花見川地峡の自然史と交通の記憶 10
1 吉田東伍著「利根治水論考」掲載の衣河流海古代(約千年)水脈想定図紹介
2011.11.08記事「余談」で復刻版でない吉田東伍著「利根治水論考」原本を入手した経緯を書きましたが、その「利根治水論考」に衣河流海古代(約千年)水脈想定図と明治時代の利根川水系の現況を示した中下利根水脈図が掲載されているので紹介します。
衣河流海古代(約千年)水脈想定図
吉田東伍著「利根治水論考」、日本歴史地理学会発行、明治43年12月1日
(画像を濃くしてあります。)
衣河(キヌガワ)とそれが流れ込む流海(ナガレウミ)の奈良・平安時代の水脈を想定したと本文中に説明があります。
この図に、印旛浦に流れ込む新川(平戸川)と東京湾に流れ込む花見川の水系が、近接している様子が描かれています。
印旛浦をふくむ流海一帯の植民に海の民・水上生活者がかかわり、中世になると平将門の乱の舞台ともなったことなどを知り、この内海に興味を深めつつあります。
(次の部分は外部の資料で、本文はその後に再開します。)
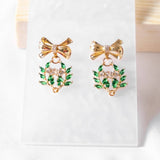 Flower Wreath Bedazzling Christmas  Handmade Gold Earring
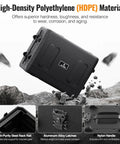 4U Shallow 19 Inch Rackmount Case with HDPE material and detachable covers on rocky surface, highlighting steel rack rails and latches.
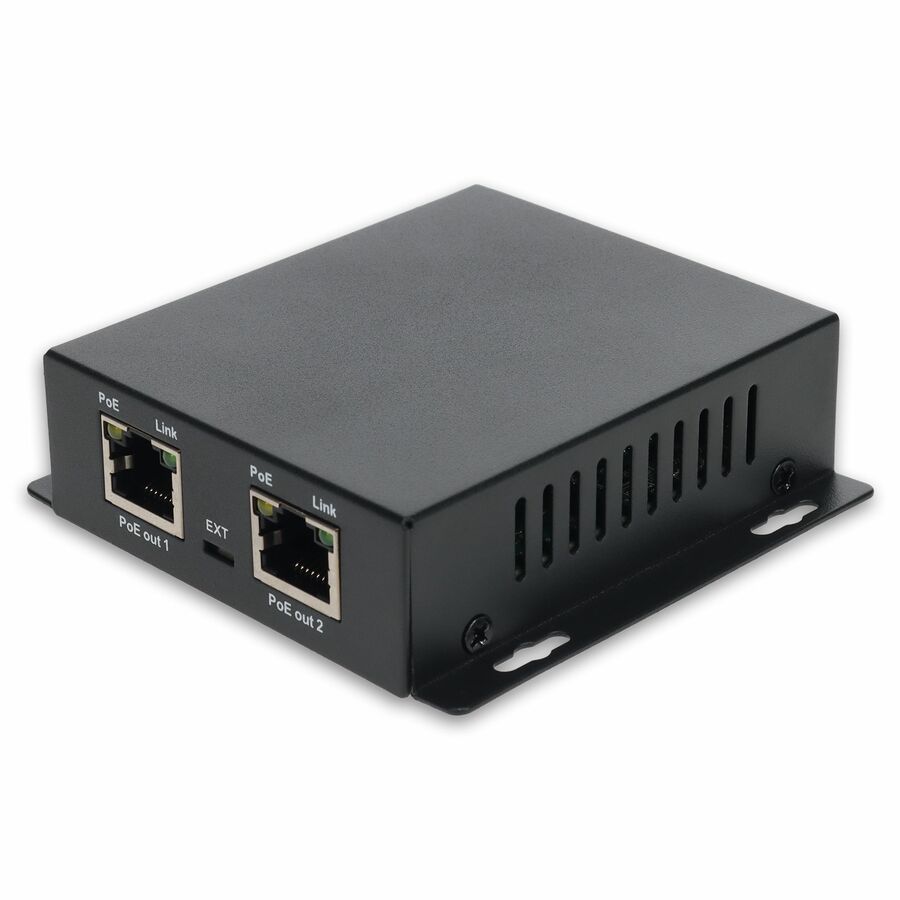 AddOn 90W GigabitPoEExtender:1-PortIn/ 2-PortOut10/100/1000MPoECopperEthernetRJ45ExtenderforCat5eorBetter.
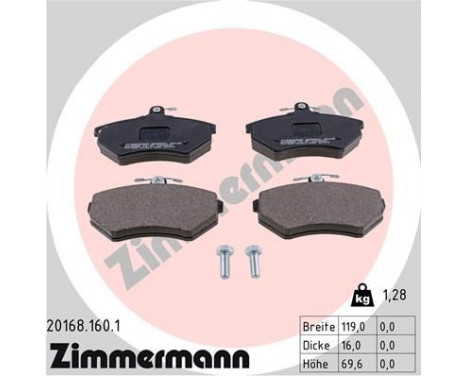 Brake Pad Set, disc brake 20168.160.1 Zimmermann, Image 2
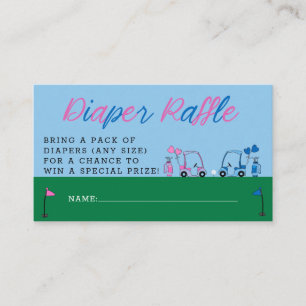 Tarjeta De Recepción Golf azul rosado Género Revelar Diaper Raffle Tick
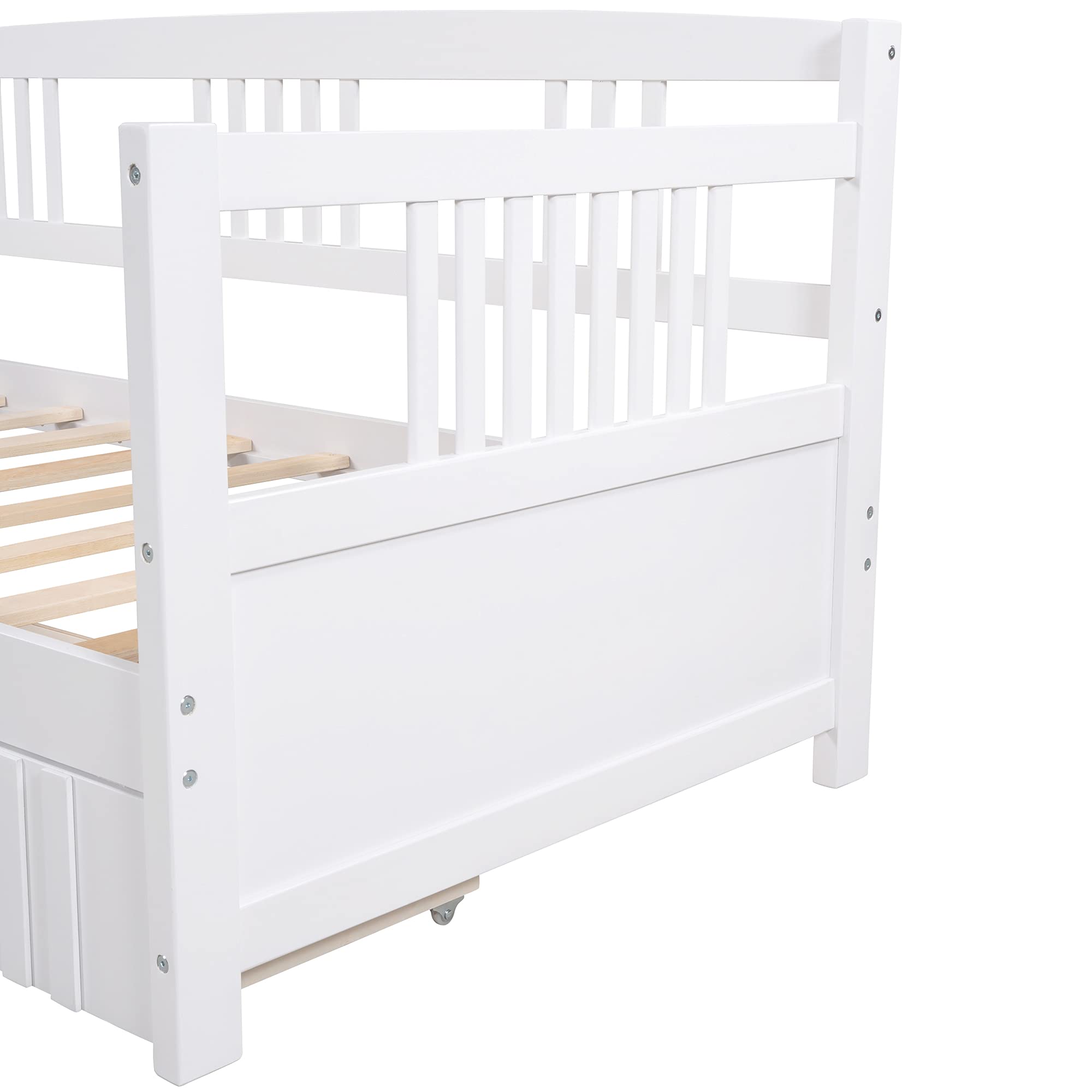 Twin Size Daybed with 2 Storage Drawers & Wood Slat Support - Solid Wood Sofa Bed Frame for Kids Teens Bedroom - No Box Spring Needed - White Wood Finish - Perfect for Guest Rooms, Living Rooms & Small Spaces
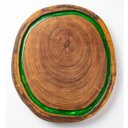 Ver imagem 4 de Tábua Corte Gourmet Madeira Orgânica Redonda com Resina Verde
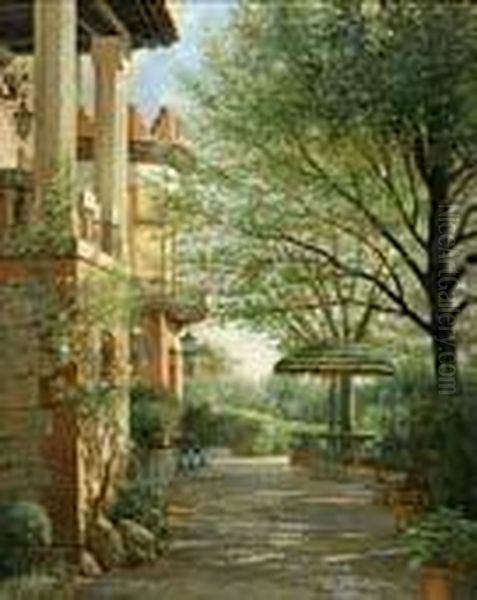 Jardin Oil Painting by Francisco Galofre Oller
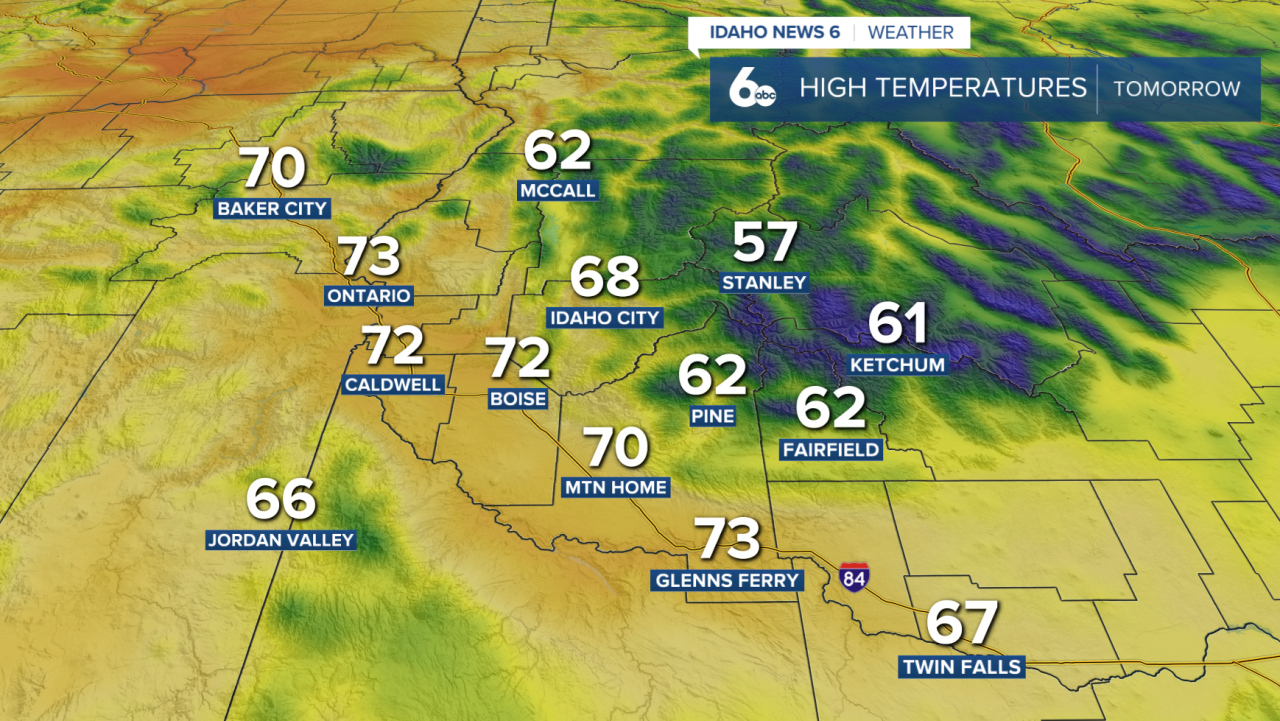 High temperatures tomorrow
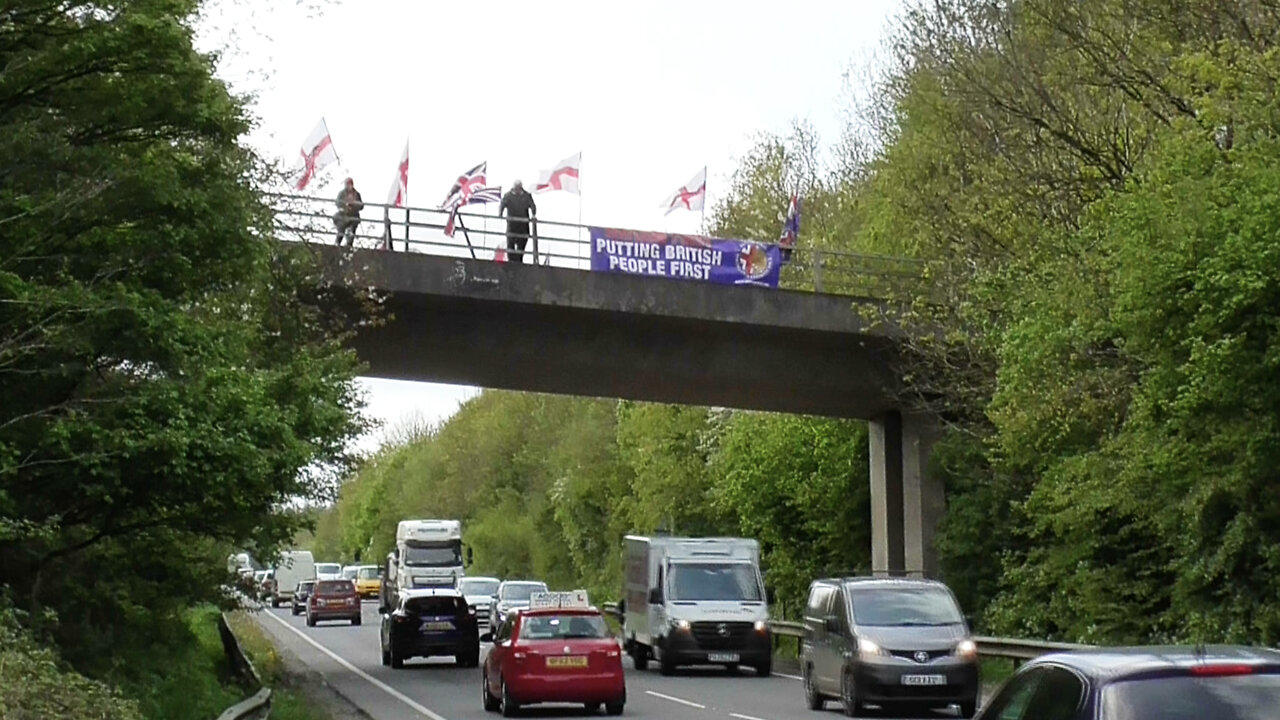 Britain First activists in the South West attract great support with bridge activity!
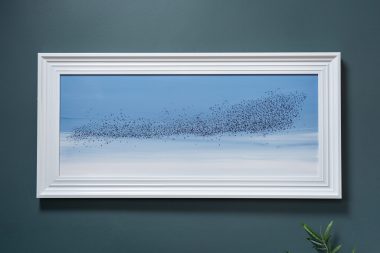 Kaye Maahs oil painting beautiful painting horizon sky and sea black rocks beach seascape kilbaha gallery ladybugs birds bees animals interiors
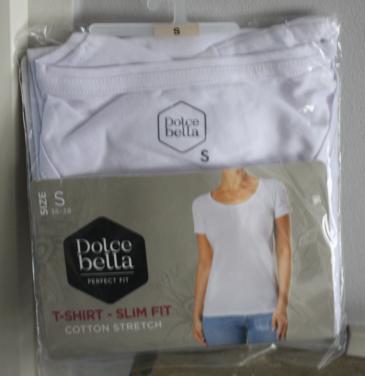 Nieuwe wit t-shirt-slim fitt maat s 36-38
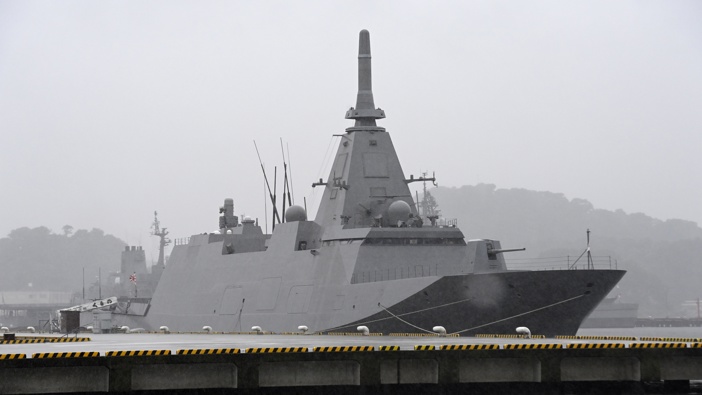 View of JMSDF JS Kumano frigat at the dock. (Photo by David Mareuil/Anadolu via Getty Images)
この内海と東京湾の水系(花見川)が最も近づく場所の一つが花見川地峡です。
利根治水論考には、治水・利水以外の、流海と東京湾の交通等に関する記述はありませんでした。
中下利根水脈図
吉田東伍著「利根治水論考」、日本歴史地理学会発行、明治43年12月1日
(画像を濃くしてあります。)
吉田東伍の時代の利根川現況図です。
利根治水論考における花見川地峡に関する記述は印旛沼堀割普請と明治期の治水・利水に関わることです。お雇い外人技師のデレーケによる、花見川地峡を活用した運河構想など、興味深い記述があります。
2 このシリーズ名称の「船越」を「交通」に改める
これまで、このシリーズ名称を「花見川地峡の自然史と船越の記憶」としてきましたが、次の理由から、「花見川地峡の自然史と交通の記憶」に改めます。
1 花見川地峡を曳舟で越えたことがあると考えていますが、縄文海進時代に丸木舟を担いで越したというイメージで想定しています。地形的に曳舟(ロープとコロ使用)が可能な地形であったかどうか不明です。(曳舟の直接証拠をまだ見つけていません。)
2 船越という地名は花見川地峡にありません。